BludgerTrack: 54.4-45.6 to Coalition

A deluge of post-budget polling has slightly improved Labor’s position, and maintained a primary vote surge for “others”.

The flurry of post-budget polling, encompassing Newspoll, Nielsen, Galaxy, Essential Research and Morgan (so basically everyone except ReachTEL), came in slightly above Labor’s recent form, pushing them up 0.5% on two-party preferred on the weekly BludgerTrack poll aggregate. Labor also gains three on the seat projection, which come off the totals for Victoria (where they were boosted by a 54-46 lead in Nielsen), South Australia and the territories.
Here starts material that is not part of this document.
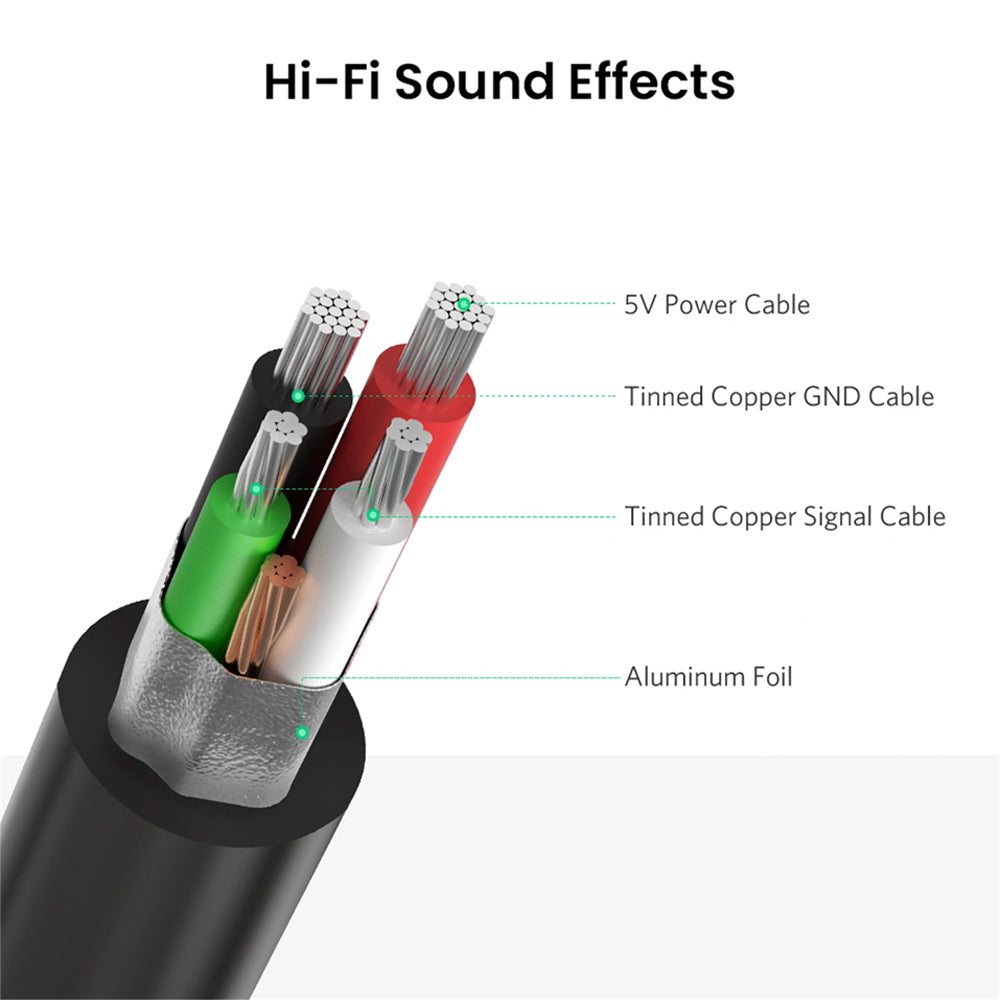 كارت صوت يوجرين يو اس بي 30724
On the primary vote, the “others” total has increased for a fifth week in a row, to a level matched in the current term only in March and July 2012. See the sidebar for full details.

Some further polling nuggets:

Gemma Daley of the Financial Review reports a poll of 600 respondents conducted “by the resources industry” which shows Tony Windsor surprisingly well placed in New England, with 49% to Barnaby Joyce’s 38%. Previous polling in New England over the current term has included a Newspoll survey of 504 respondents in October 2011 which had an as-yet-unchosen Nationals candidate leading Windsor 41% to 33%, and a ReachTEL in June 2012 which had the Nationals lead as high as 62% to 25%.
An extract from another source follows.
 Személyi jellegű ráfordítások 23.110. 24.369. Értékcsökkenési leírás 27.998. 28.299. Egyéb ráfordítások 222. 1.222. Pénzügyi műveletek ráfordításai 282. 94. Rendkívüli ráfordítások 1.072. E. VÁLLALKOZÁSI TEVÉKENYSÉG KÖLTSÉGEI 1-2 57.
• Somewhat confusingly, the resources industry poll also covered “a sample that concentrated in three western Sydney seats, which was extended to all of the seats in the area”. This showed Labor would “at best achieve a 44 per cent two-party preferred result”, costing it every seat in western Sydney.

• Roy Morgan offers further budget polling, conducted by SMS and involving 1409 respondents, half contacted before the budget and half after. Asked whether the budget would “benefit you and your family”, 32% said yes before the event and 68% said no, which was little changed afterwards (30% and 70%). Also featured are age and gender breakdowns.

Author: William Bowe

William Bowe is a Perth-based election analyst and occasional teacher of political science. His blog, The Poll Bludger, has existed in one form or another since 2004, and is one of the most heavily trafficked websites on Australian politics.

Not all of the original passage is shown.